The panAFRICA project

March 13 – April 16, 2017

Gallery at the School of Design

 Mount Ida College, Newton, MA

Lou Jones’ decade-long journey to discover the real Africa will change the way you think. Jones will sit down with Barry Gaither, Adjunct Curator for African American Art at the MFA to tell tales of his journeys, with stories as powerful as his photos. Jim Fitts, co-curator of the show will moderate the discussion.
About the Show:

The panAFRICAproject exhibition presents a vision of Africa that you will rarely, if ever, encounter. It is the result of world-renowned photographer Lou Jones’ ten year journey photographing Africa from his uniquely personal perspective.

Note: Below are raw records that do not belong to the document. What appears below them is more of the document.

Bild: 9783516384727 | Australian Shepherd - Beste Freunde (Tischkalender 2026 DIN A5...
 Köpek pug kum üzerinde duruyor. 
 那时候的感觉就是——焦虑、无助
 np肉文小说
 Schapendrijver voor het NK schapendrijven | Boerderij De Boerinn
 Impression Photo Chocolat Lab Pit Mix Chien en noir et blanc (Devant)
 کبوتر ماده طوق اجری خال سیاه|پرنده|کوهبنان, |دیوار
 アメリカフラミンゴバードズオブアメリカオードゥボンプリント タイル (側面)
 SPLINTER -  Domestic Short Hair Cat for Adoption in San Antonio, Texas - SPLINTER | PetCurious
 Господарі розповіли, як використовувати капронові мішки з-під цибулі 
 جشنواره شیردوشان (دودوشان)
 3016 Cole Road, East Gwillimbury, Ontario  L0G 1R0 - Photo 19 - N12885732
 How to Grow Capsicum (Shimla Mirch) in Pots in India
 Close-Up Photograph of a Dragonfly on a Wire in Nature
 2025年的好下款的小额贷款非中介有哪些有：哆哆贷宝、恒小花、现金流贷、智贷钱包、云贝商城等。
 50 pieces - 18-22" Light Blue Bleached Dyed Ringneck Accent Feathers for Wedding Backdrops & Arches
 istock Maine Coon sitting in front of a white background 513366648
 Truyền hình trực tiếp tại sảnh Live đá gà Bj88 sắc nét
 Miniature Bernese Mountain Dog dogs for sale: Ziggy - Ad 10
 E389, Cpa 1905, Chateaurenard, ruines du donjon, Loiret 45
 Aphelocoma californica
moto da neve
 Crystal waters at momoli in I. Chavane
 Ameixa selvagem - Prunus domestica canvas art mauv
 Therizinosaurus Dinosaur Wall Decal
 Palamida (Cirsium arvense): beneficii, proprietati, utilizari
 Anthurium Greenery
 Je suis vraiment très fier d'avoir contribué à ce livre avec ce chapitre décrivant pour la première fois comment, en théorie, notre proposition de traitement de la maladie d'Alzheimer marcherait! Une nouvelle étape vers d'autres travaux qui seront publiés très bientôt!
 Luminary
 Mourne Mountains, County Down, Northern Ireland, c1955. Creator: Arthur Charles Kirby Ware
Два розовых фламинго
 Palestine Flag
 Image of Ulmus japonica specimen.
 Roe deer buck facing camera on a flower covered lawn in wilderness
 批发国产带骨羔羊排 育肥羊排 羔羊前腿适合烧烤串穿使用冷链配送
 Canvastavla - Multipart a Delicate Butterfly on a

The exhibition, featuring over 100 full-color, larger-than-life images, showcases Jones’ photographic campaign to create a contemporary, visual portrait of modern Africa. By enlisting input from local leaders, knowledgeable natives, and the working citizenry, Jones has sought out the characteristics that make each country, region, community, and tribe unique.

“The spectacular and moving photographs allow visitors to engage in a dialogue that will challenge current notions of contemporary Africa’s socio-economic culture and economy,” says Alison Poor-Donahue, co-curator of the show and Chair of Mount Ida’s Design & Digital Media department.

“The panAFRICAproject will establish a repository of images that represents each of 54 individual countries devoid of the preconceived, western notions of distress: conflict, pestilence and poverty, i.e. violence tourism” says Jones.  “We are accurately documenting the highlights and inner workings of the most progressive twenty-first century continent.”
“This is an incredible body of work,” says Jim Fitts, co-curator and Assistant Professor. “Each of Jones’ images is stunning in its own right, but the juxtapositions of the Masai warriors and outdoor markets against the gleam of the most modern infrastructure belies what we have been shown to be the ‘real Africa’.”

 

About Lou Jones

Lou Jones’ eclectic career has evolved from commercial to the personal. It has spanned every format, film type, artistic movement and technological change.  He maintains a studio in Boston, Massachusetts and has photographed for Fortune 500 corporations, international companies and local small businesses including Federal Express, Nike and the Barr Foundation; completed assignments for magazines and publishers all over the world such as Time/Life, National Geographic and Paris Match; initiated long term projects on the civil wars in Central America, death row, Olympics Games and pregnancy; and published multiple books.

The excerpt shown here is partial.